Canada’s Ministry of Fisheries and Oceans has announced a new three-year seal-hunt quota that allows fishermen to kill 975,000 harp seals over the next three years; in two of those three years, sealers may kill as many as 350,000 harp seals annually. This means hunters can kill 75,000 more seals a year, starting in 2003, than in the last five years.
“The increase comes despite evidence that the quota of 275,000 seals was unsustainable,” says Dr. Naomi Rose, marine mammal scientist with The HSUS, “and it quietly condones the fact that sealers exceeded this quota last year, an act that most natural resource managers would condemn.”
The stated purpose of switching to a three-year plan is to present “sealers with greater certainty in planning their activities,” but the plan seems better designed to cause a serious decline in seal numbers, with unknown ecological consequences, Rose notes.
Without presenting any new evidence that taking seals in such large numbers is sustainable, Department of Fisheries and Oceans Minister Robert G. Thibault, lauded this new approach to harvesting “a valuable natural resource.”
And so the hunt goes on. Even after decades of public condemnation, Canada continues annually to club and shoot hundreds of thousands of harp and hooded seals, two species it reduces to the category of “natural resources” rather than sentient beings. In fact, the Canadian government subsidizes the seal-hunting industry, making it easier for hunters to kill more of the animals.
In 2002, with relatively little public outcry, the Canadian government allowed the most massive slaughter of marine mammals on its shores since 1967. The reported kill was more than 307,000 harp seals—which exceeded the Canadian Department of Fisheries’ quota by more than 32,000. And if unreported kills were included, the total would be much higher. (The reported numbers include only the seals who are delivered to processing plants, not the seals who are severely wounded and die later.)

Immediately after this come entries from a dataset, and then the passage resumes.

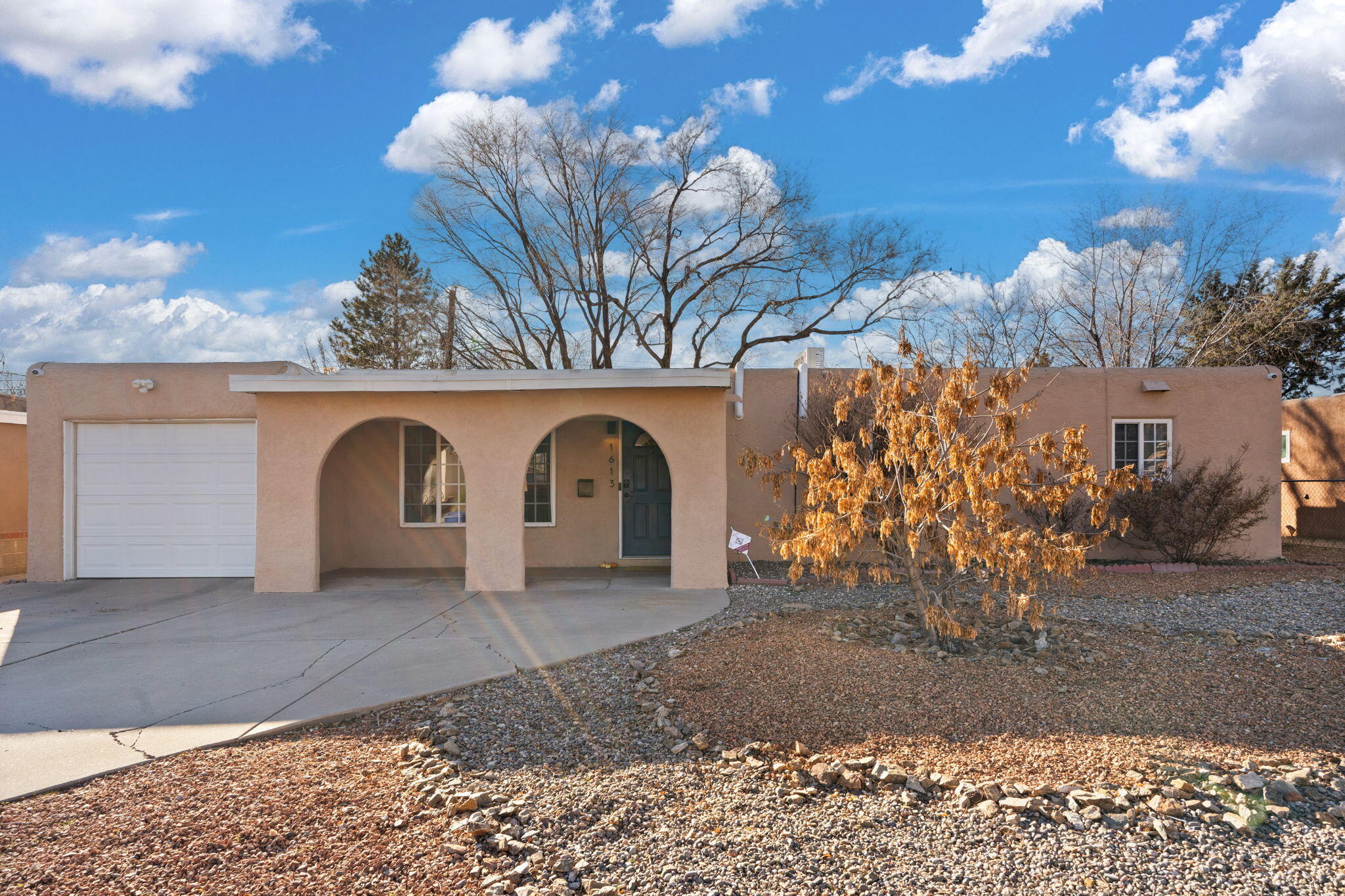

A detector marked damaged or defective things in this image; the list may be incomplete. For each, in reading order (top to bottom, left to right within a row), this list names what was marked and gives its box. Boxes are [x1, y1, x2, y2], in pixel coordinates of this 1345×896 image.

cracked concrete [0, 574, 726, 800] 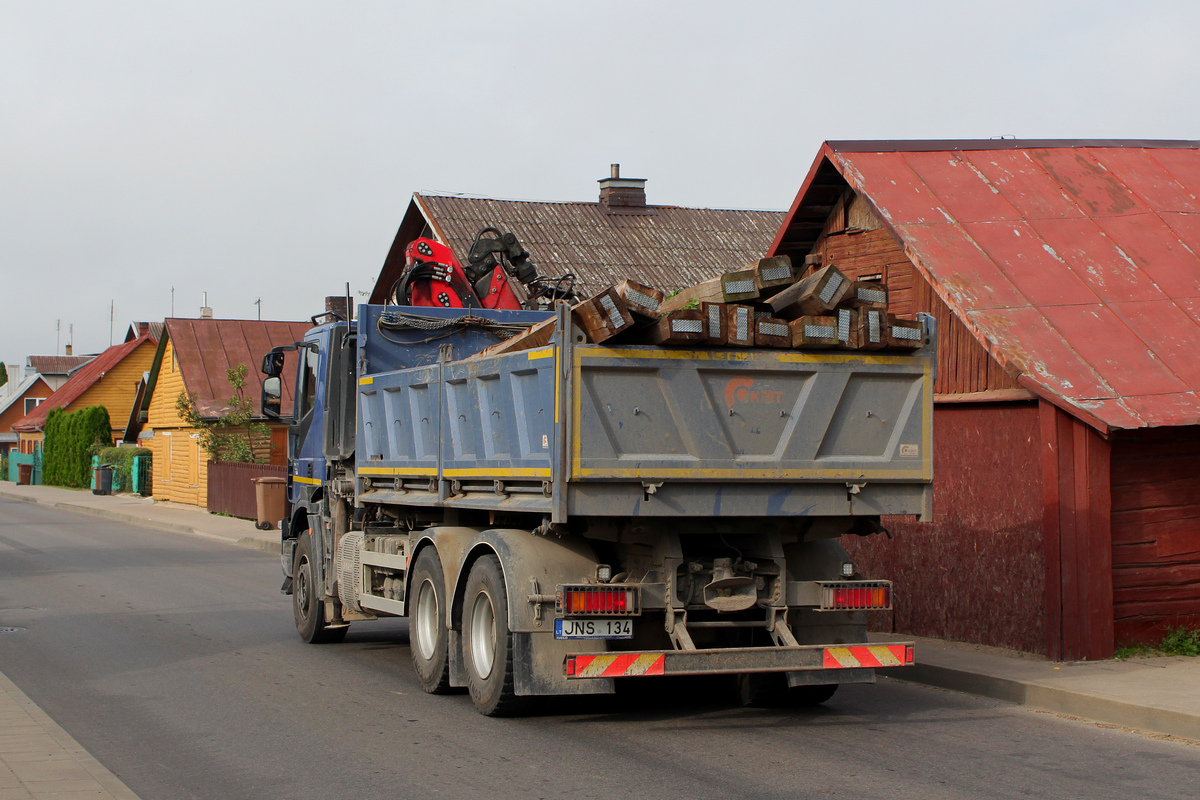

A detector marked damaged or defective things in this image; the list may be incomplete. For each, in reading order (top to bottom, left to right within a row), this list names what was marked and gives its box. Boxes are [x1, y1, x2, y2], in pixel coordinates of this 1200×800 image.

rusty roof sheet [374, 194, 787, 303]
rusty roof sheet [772, 140, 1200, 434]
rusty roof sheet [12, 335, 153, 431]
rusty roof sheet [164, 316, 314, 422] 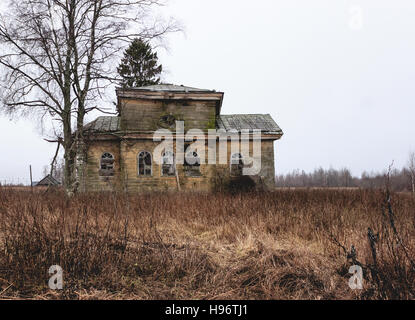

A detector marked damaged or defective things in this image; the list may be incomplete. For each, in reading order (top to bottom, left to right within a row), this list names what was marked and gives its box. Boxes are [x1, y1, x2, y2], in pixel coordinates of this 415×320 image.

broken window frame [99, 153, 115, 178] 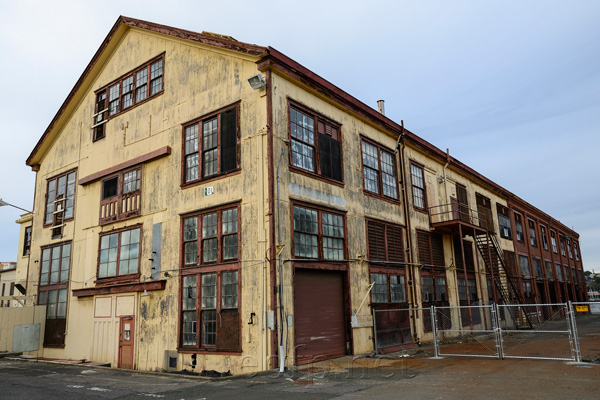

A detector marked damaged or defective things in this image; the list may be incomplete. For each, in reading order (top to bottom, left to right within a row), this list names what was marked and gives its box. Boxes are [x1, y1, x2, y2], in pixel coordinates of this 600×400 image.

peeling yellow paint wall [28, 28, 270, 376]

The harp seal hunt is sometimes represented as a part of Canada’s culture, not unlike indigenous whaling, but in truth, it is just another commercial hunt. Canada’s Department of Fisheries and Oceans reports issuing 11,185 commercial sealing licenses in 2001. The seals are killed for their pelts, their penises (which are used to make aphrodisiacs in Asian markets), oil (which Canada promotes as a health supplement), and meat.
The country’s commercial seal hunting season runs from November 15 to May 15, but hunters do most of their killing in the spring. At the beginning of the season, hunters use a club or a large ice-pick-like hakapik to kill the younger seals. As the season progresses, hunters switch to rifles for both young and old seals.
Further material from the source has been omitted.